■ **YOUR OBJECTIVE**
From the first line of the records below, transcribe each line exactly up to and including the one with "Nuevo rectángulo TVG"; pictures stay out.

■ **SOURCE INFORMATION**
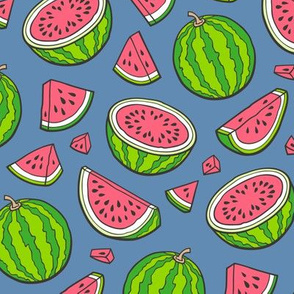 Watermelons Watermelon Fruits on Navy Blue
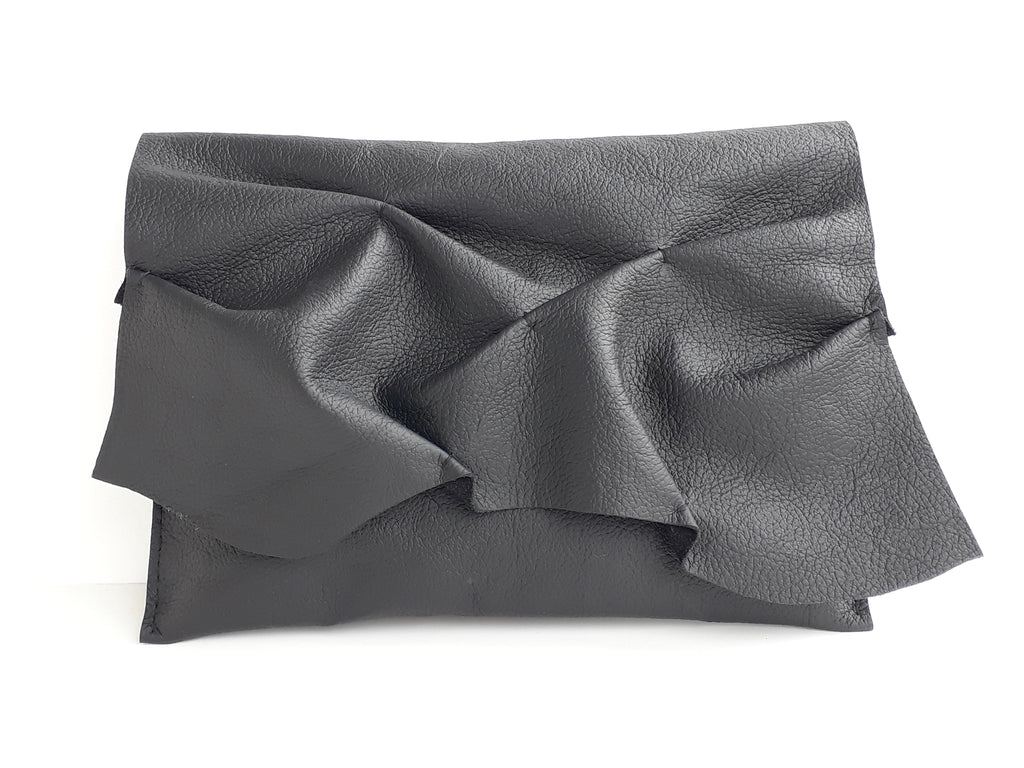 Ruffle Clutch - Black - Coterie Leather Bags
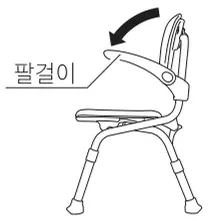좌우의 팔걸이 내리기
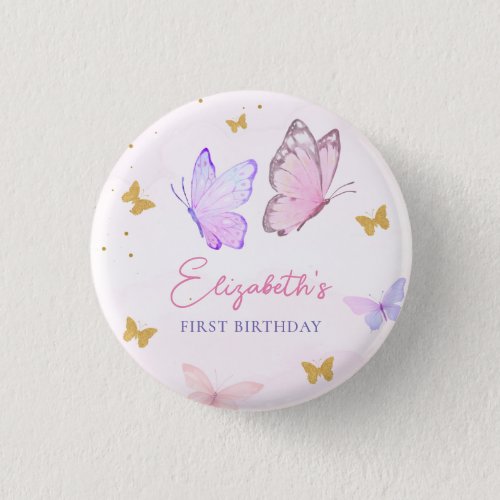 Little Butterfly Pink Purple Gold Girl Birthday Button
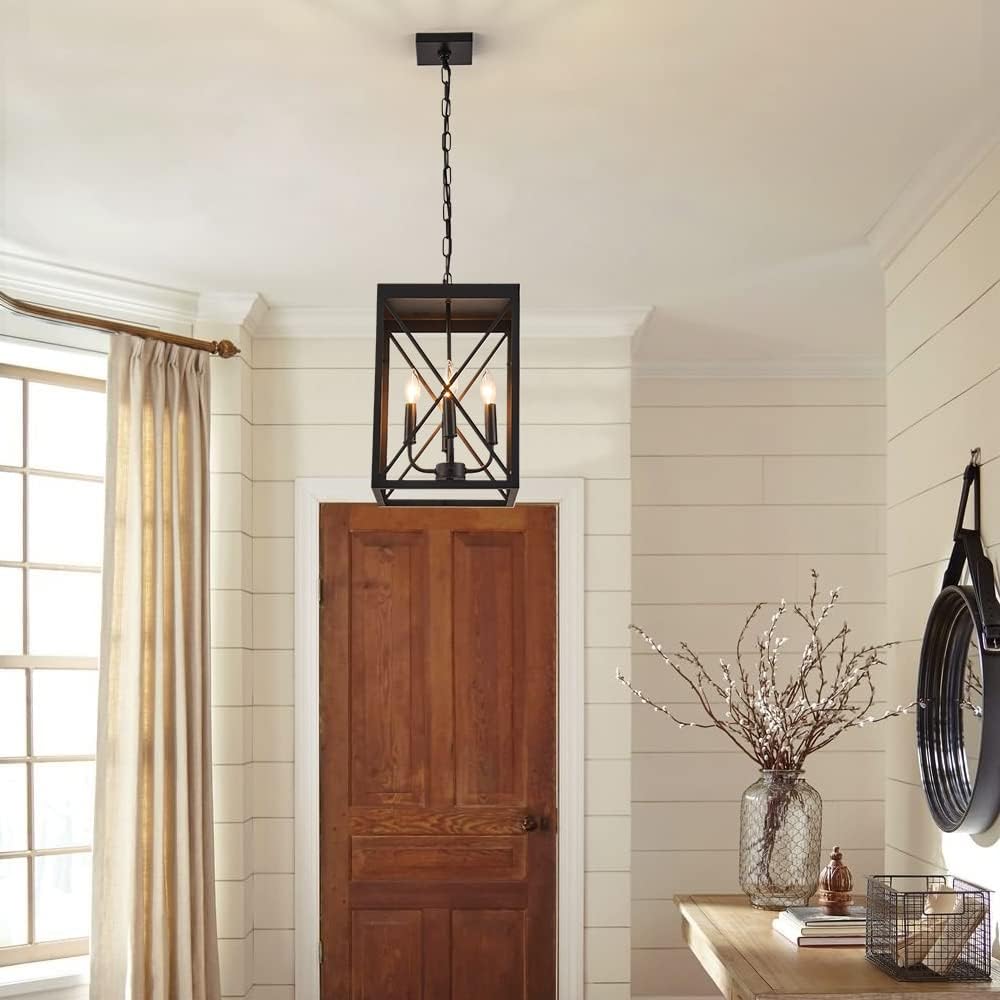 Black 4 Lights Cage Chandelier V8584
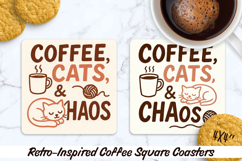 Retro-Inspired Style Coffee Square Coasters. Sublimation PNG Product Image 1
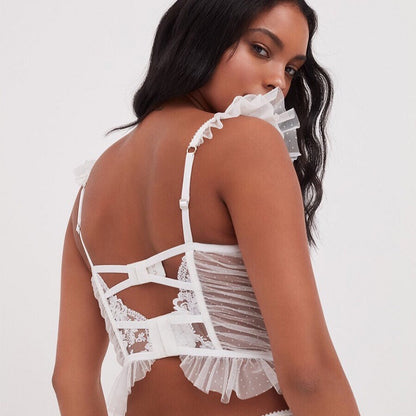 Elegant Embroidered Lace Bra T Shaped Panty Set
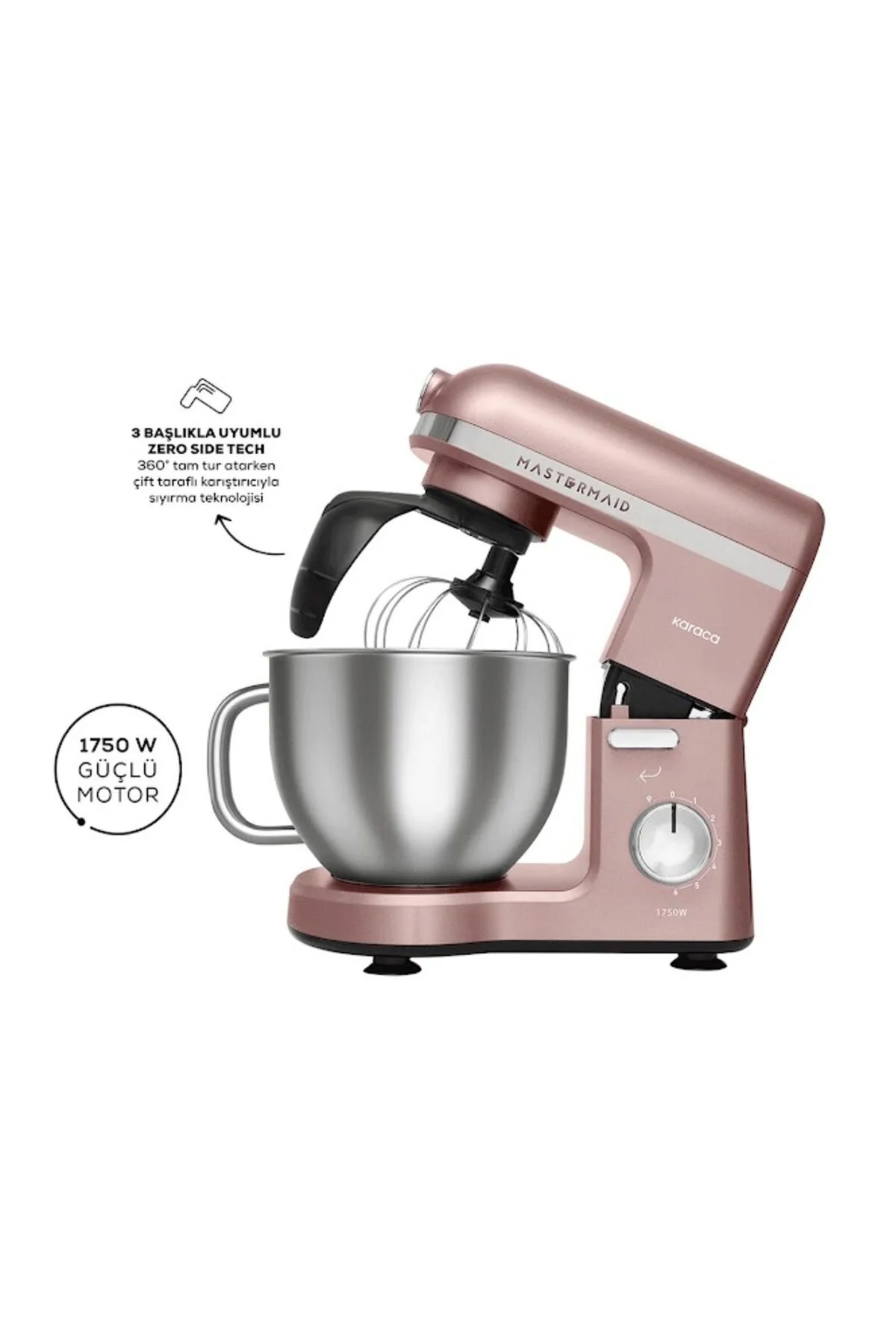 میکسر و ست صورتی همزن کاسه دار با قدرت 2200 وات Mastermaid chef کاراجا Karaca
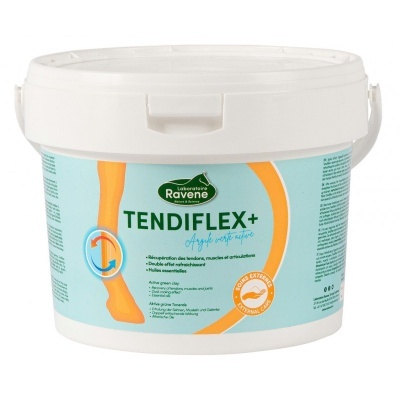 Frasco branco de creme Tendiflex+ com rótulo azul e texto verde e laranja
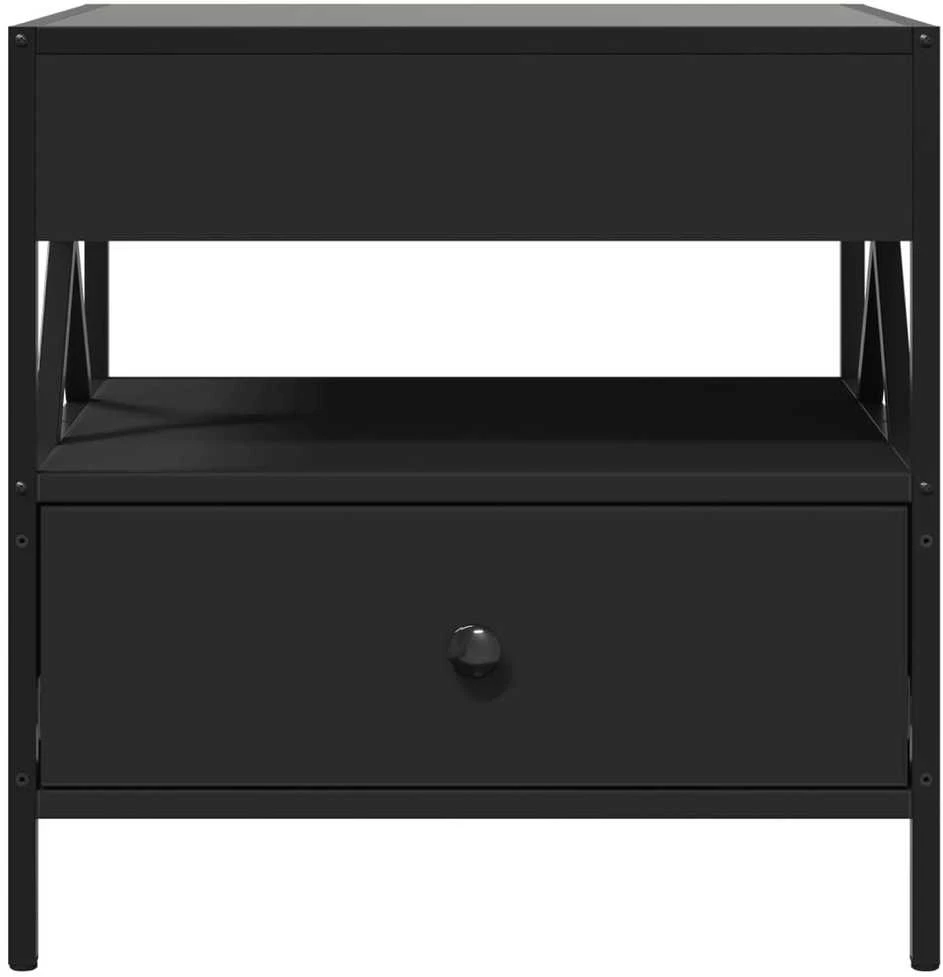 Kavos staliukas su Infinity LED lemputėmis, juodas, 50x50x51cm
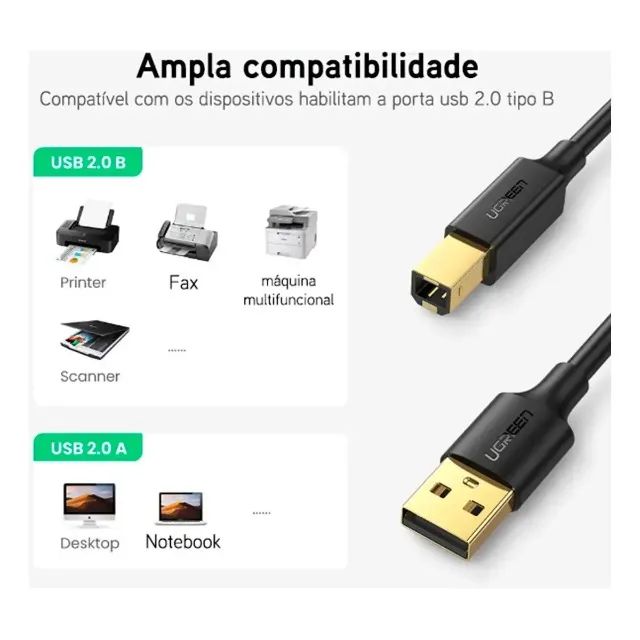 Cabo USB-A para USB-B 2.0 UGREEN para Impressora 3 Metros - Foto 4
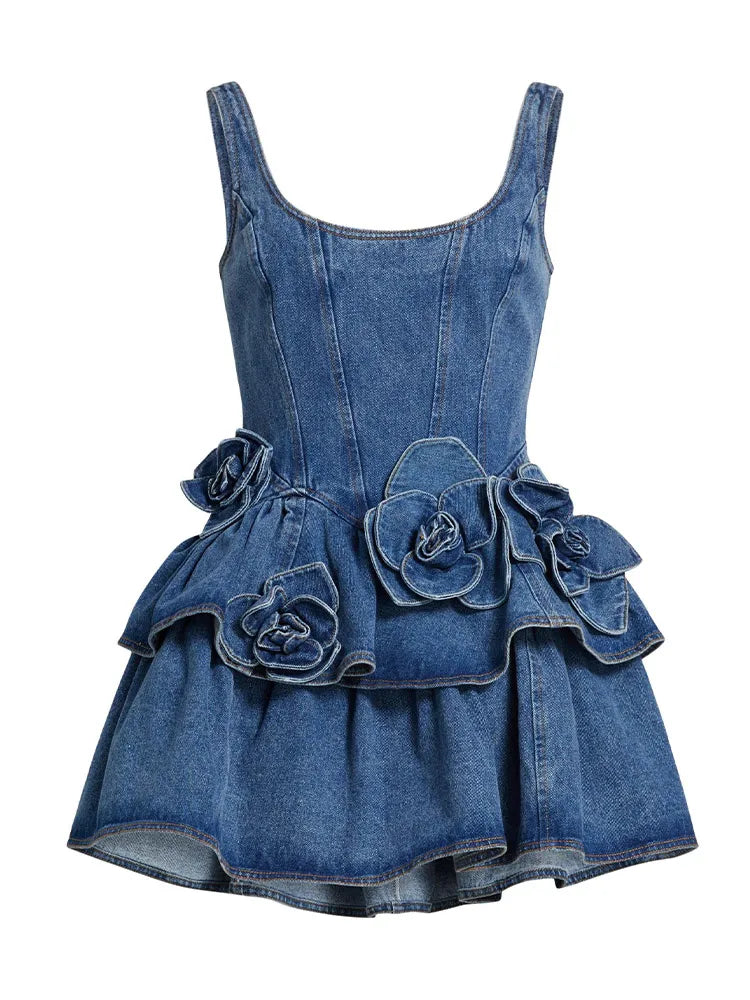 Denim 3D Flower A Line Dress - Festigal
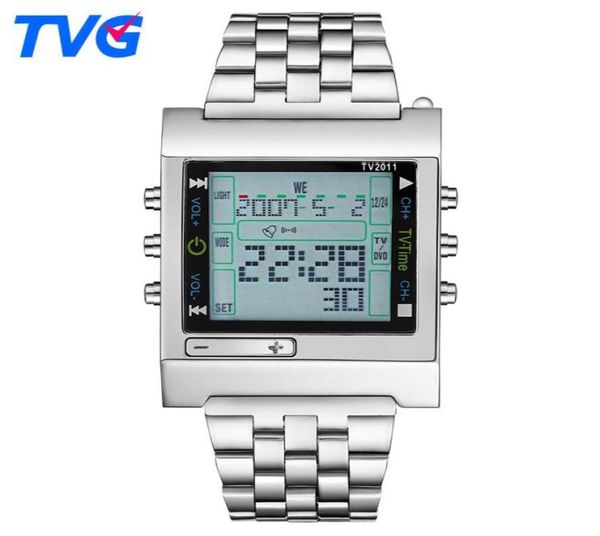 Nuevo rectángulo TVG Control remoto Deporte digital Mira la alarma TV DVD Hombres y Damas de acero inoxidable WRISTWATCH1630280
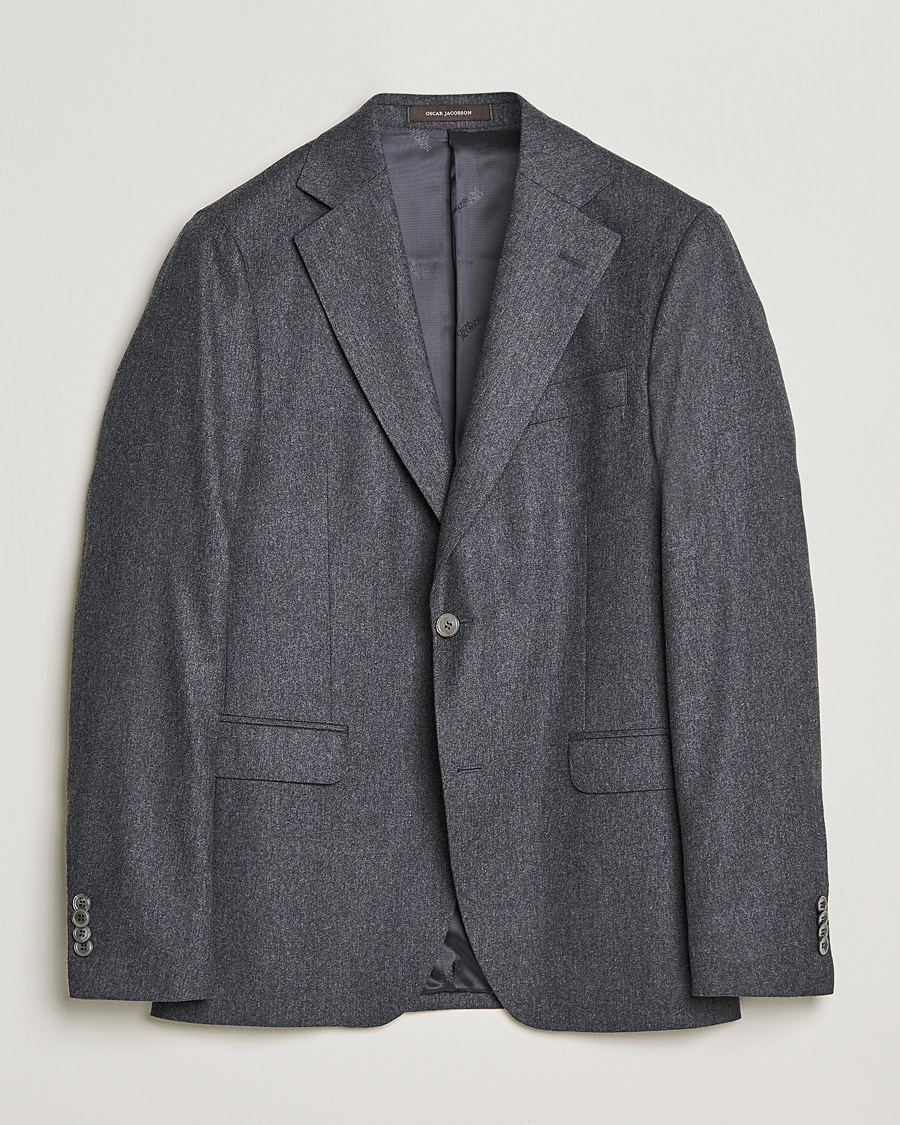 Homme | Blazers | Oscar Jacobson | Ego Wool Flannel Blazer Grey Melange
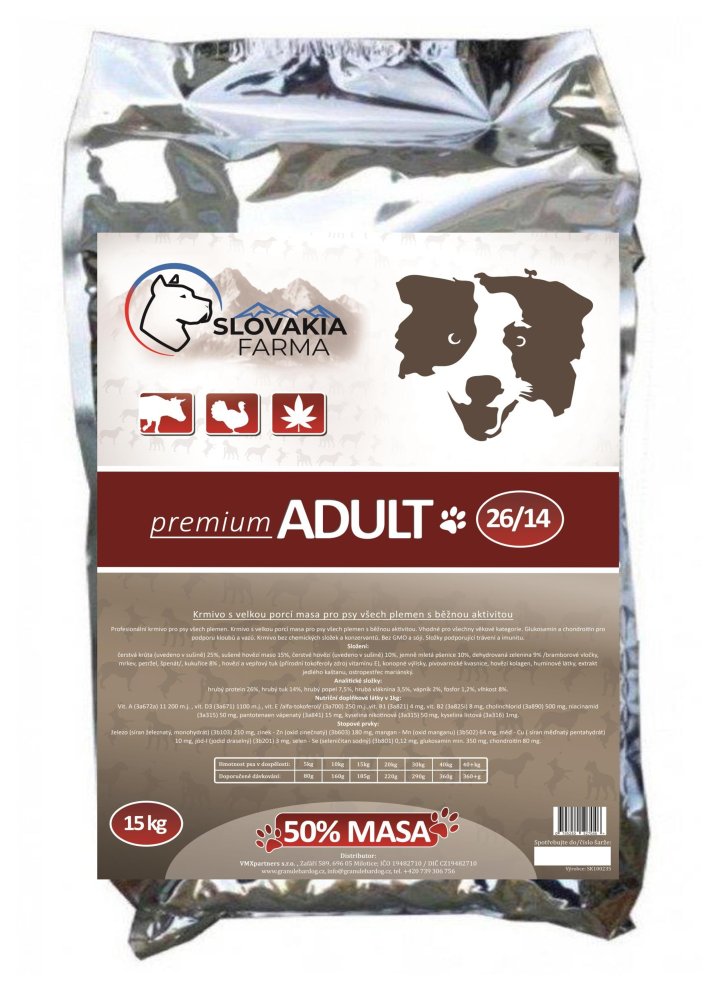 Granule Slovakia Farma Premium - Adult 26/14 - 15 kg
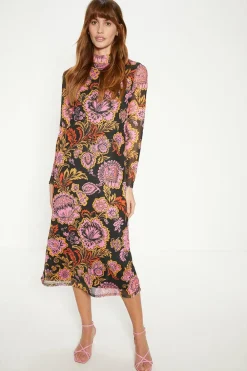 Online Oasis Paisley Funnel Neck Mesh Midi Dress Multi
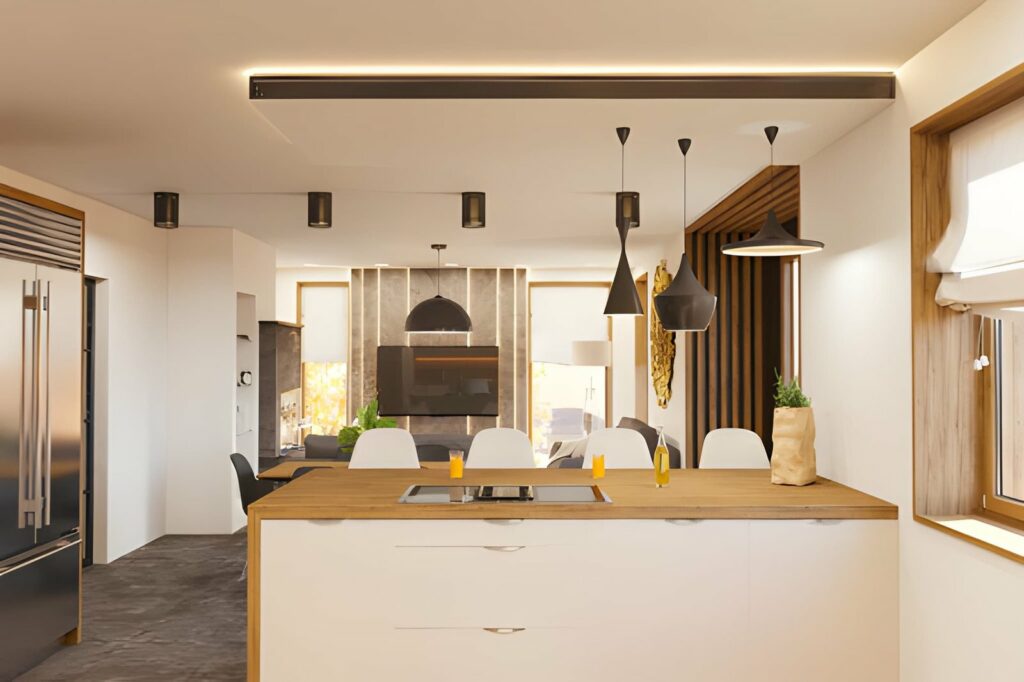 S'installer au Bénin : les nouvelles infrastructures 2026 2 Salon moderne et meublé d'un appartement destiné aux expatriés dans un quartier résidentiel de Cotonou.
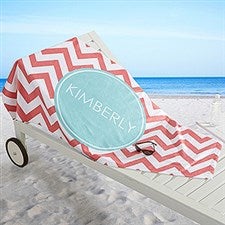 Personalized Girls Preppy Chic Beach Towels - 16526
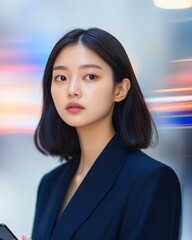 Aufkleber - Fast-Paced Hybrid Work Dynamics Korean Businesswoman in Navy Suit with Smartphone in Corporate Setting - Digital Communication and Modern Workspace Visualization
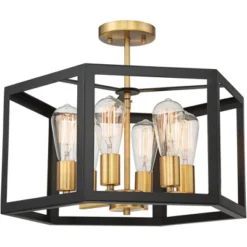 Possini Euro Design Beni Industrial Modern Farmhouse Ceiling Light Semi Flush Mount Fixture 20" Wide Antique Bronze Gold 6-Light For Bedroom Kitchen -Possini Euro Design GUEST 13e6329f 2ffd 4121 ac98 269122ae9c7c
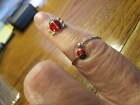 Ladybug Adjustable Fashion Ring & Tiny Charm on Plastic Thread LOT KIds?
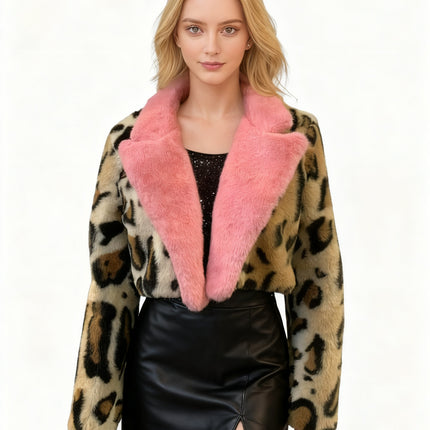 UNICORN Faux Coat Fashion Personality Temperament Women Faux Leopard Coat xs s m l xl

■ **YOUR RESPONSE**
 Watermelons Watermelon Fruits on Navy Blue
 Ruffle Clutch - Black - Coterie Leather Bags
좌우의 팔걸이 내리기
 Little Butterfly Pink Purple Gold Girl Birthday Button
 Black 4 Lights Cage Chandelier V8584
 Retro-Inspired Style Coffee Square Coasters. Sublimation PNG Product Image 1
 Elegant Embroidered Lace Bra T Shaped Panty Set
 میکسر و ست صورتی همزن کاسه دار با قدرت 2200 وات Mastermaid chef کاراجا Karaca
 Frasco branco de creme Tendiflex+ com rótulo azul e texto verde e laranja
 Kavos staliukas su Infinity LED lemputėmis, juodas, 50x50x51cm
 Cabo USB-A para USB-B 2.0 UGREEN para Impressora 3 Metros - Foto 4
 Denim 3D Flower A Line Dress - Festigal
 Nuevo rectángulo TVG Control remoto Deporte digital Mira la alarma TV DVD Hombres y Damas de acero inoxidable WRISTWATCH1630280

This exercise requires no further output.